After searching for how to POST large files using python, I came across this and I wrote a program based on that, but when I run it I get the following error message:
Traceback (most recent call last):
File "Test3.py", line 187, in <module>
main()
File "Test3.py", line 184, in main
do_upload(options, args)
File "Test3.py", line 48, in do_upload
response = urllib2.urlopen(request)
File "C:\Python27\lib\urllib2.py", line 126, in urlopen
return _opener.open(url, data, timeout)
File "C:\Python27\lib\urllib2.py", line 400, in open
response = meth(req, response)
File "C:\Python27\lib\urllib2.py", line 513, in http_response
'http', request, response, code, msg, hdrs)
File "C:\Python27\lib\urllib2.py", line 438, in error
return self._call_chain(*args)
File "C:\Python27\lib\urllib2.py", line 372, in _call_chain
result = func(*args)
File "C:\Python27\lib\urllib2.py", line 521, in http_error_default
raise HTTPError(req.get_full_url(), code, msg, hdrs, fp)

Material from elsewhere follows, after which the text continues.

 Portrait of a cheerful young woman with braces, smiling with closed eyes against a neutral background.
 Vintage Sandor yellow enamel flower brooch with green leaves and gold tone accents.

urllib2.HTTPError: HTTP Error 500: Internal Server Error
and here is my code, to run the program I use --upload "path_to_file" [space] "filename". I'm new to python programming so most of this still confuses me.
def do_upload(options, args):
url = 'http://127.0.0.1/test_server/upload'
path = args[0]
# print path
filename = args[1]
if not os.access(args[0], os.F_OK):
print "Directory/file Doesn't exist"
exit(1)
os.chdir(path)
f = open(filename, 'rb')
mmapped_file_as_string = mmap.mmap(f.fileno(), 0, access=mmap.ACCESS_READ)
request = urllib2.Request(url, mmapped_file_as_string)
contenttype = mimetypes.guess_type(filename)[0]
request.add_header(contenttype, 'application/octet-stream')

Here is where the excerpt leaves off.